> _Given material_:

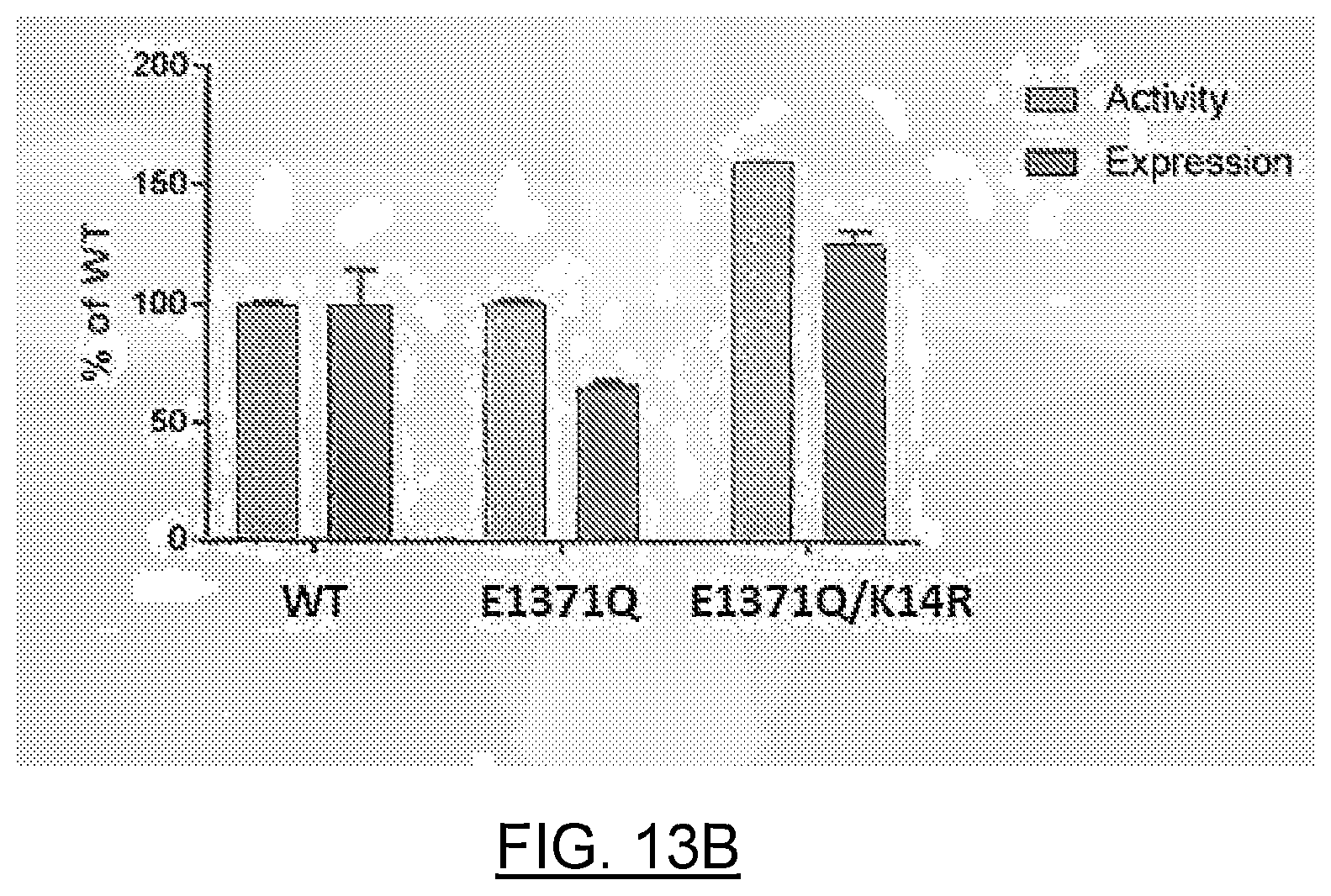 Patent US12611442 Figure 20 – mRNA encoding engineered CFTR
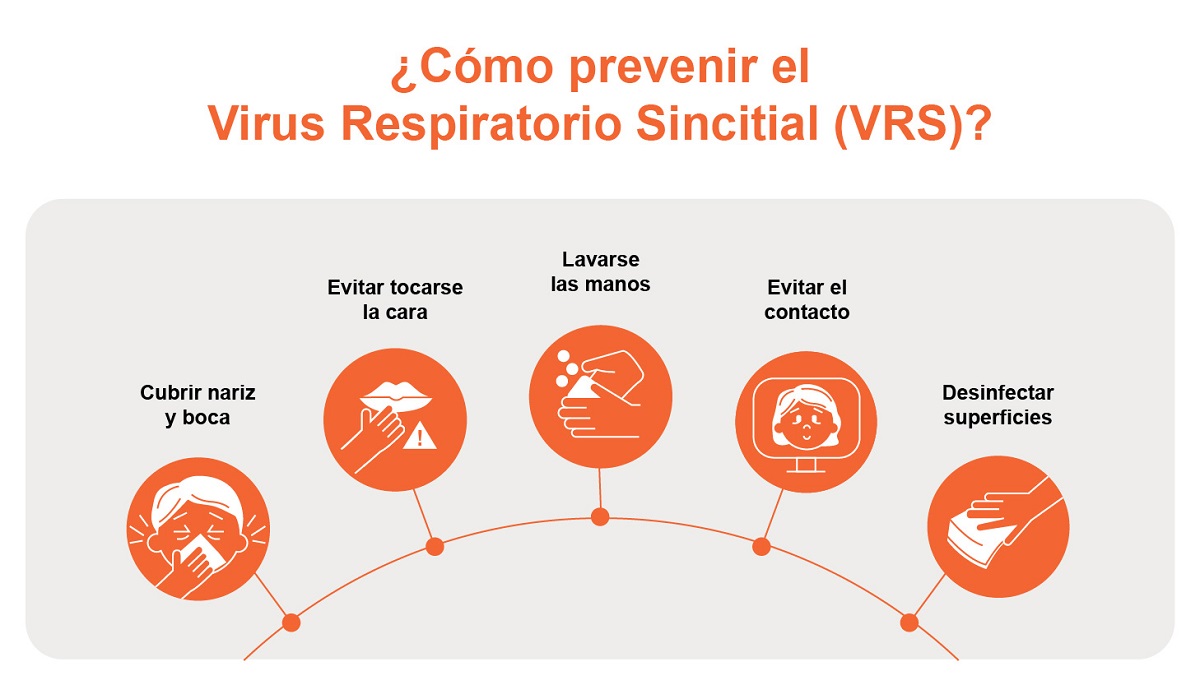 Infografía ¿Cómo prevenir el Virus Respiratorio Sincitial (VRS)?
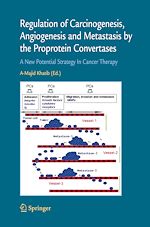 Télécharger le livre :  Regulation of Carcinogenesis, Angiogenesis and Metastasis by the Proprotein Convertases (PC's)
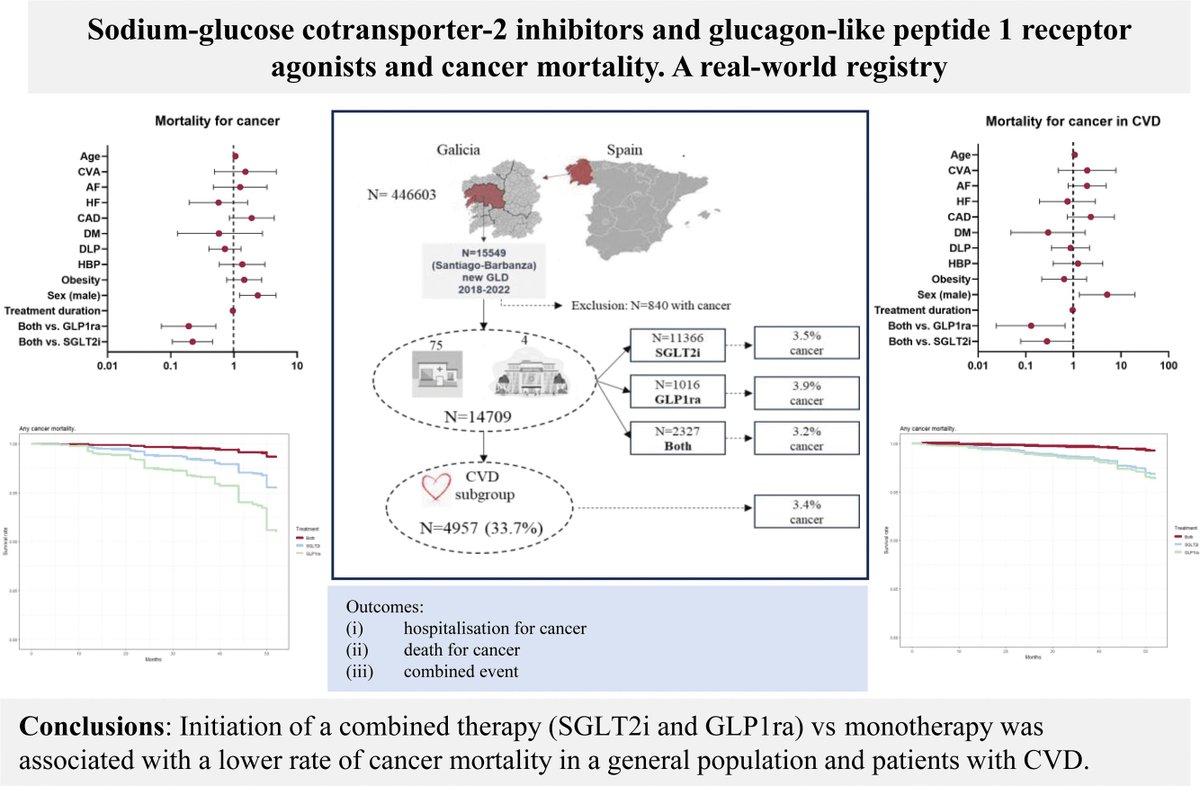RevEspCardiol's tweet photo. Sodium-glucose cotransporter-2 inhibitors and glucagon-like peptide 1 receptor agonists and cancer mortality. A real-world registry #REC @david_gv @SergioCinza @JoseJuanatey @cardiologiaCHUS https://t.co/PgVe2sVV0p https://t.co/5uAnBhfS2A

> _Work required_:
Starting where a line contains "Infografía ¿Cómo prevenir" and finishing at the last line above, set down every line exactly as it reads, with no pictures.

> _Written answer_:
 Infografía ¿Cómo prevenir el Virus Respiratorio Sincitial (VRS)?
 Télécharger le livre :  Regulation of Carcinogenesis, Angiogenesis and Metastasis by the Proprotein Convertases (PC's)
RevEspCardiol's tweet photo. Sodium-glucose cotransporter-2 inhibitors and glucagon-like peptide 1 receptor agonists and cancer mortality. A real-world registry #REC @david_gv @SergioCinza @JoseJuanatey @cardiologiaCHUS https://t.co/PgVe2sVV0p https://t.co/5uAnBhfS2A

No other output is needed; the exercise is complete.